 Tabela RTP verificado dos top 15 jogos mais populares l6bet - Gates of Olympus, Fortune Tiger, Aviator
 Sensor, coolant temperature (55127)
--------
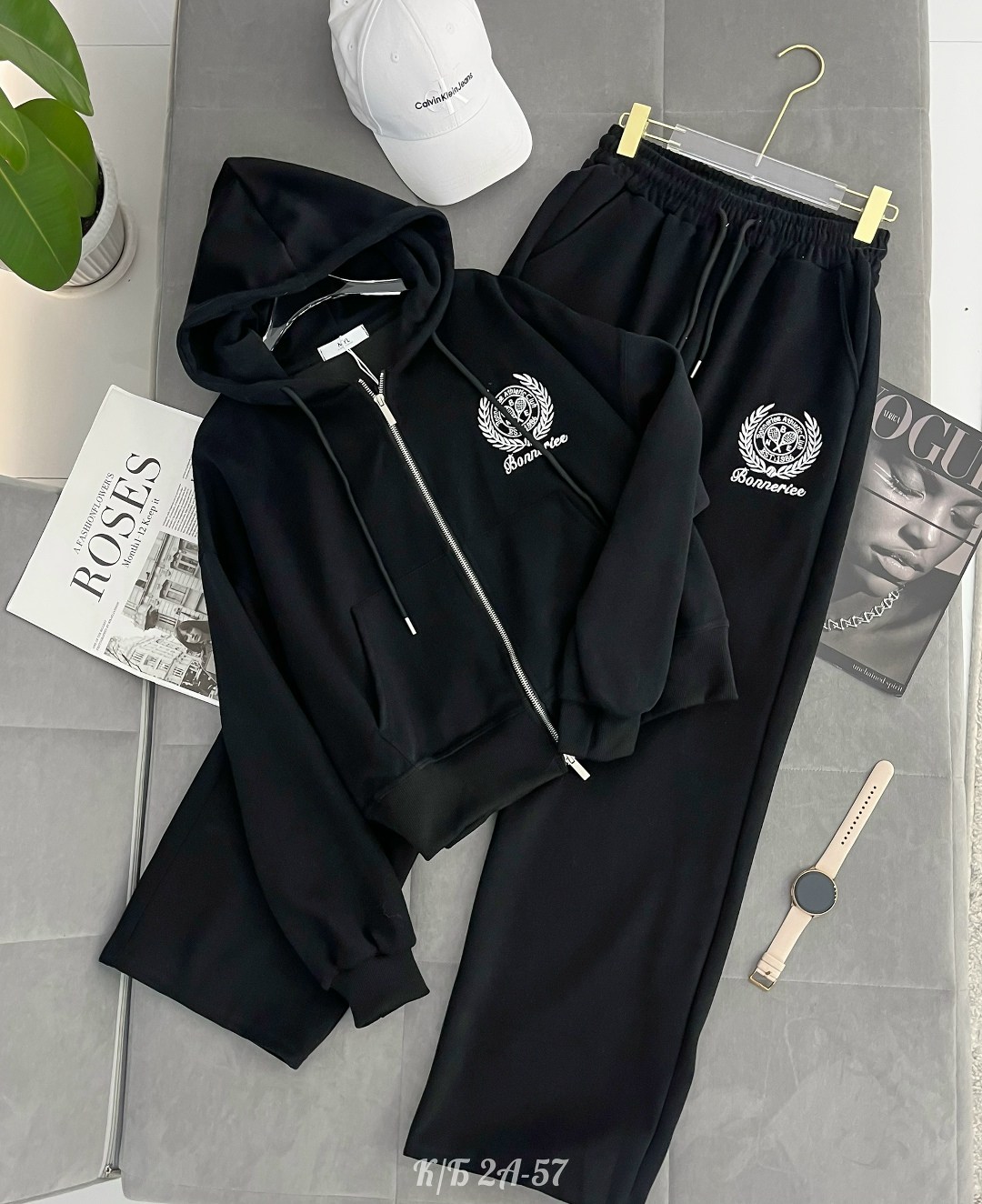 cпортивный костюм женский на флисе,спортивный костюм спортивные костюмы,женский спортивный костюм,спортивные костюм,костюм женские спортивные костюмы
--------
What to do: In the entries above, find the line with "Tabela RTP verificado" and the line with "Sensor, coolant temperature (55127)", then restate word for word both of them and every line between, with nothing more.

Written reply:
 Tabela RTP verificado dos top 15 jogos mais populares l6bet - Gates of Olympus, Fortune Tiger, Aviator
 Sensor, coolant temperature (55127)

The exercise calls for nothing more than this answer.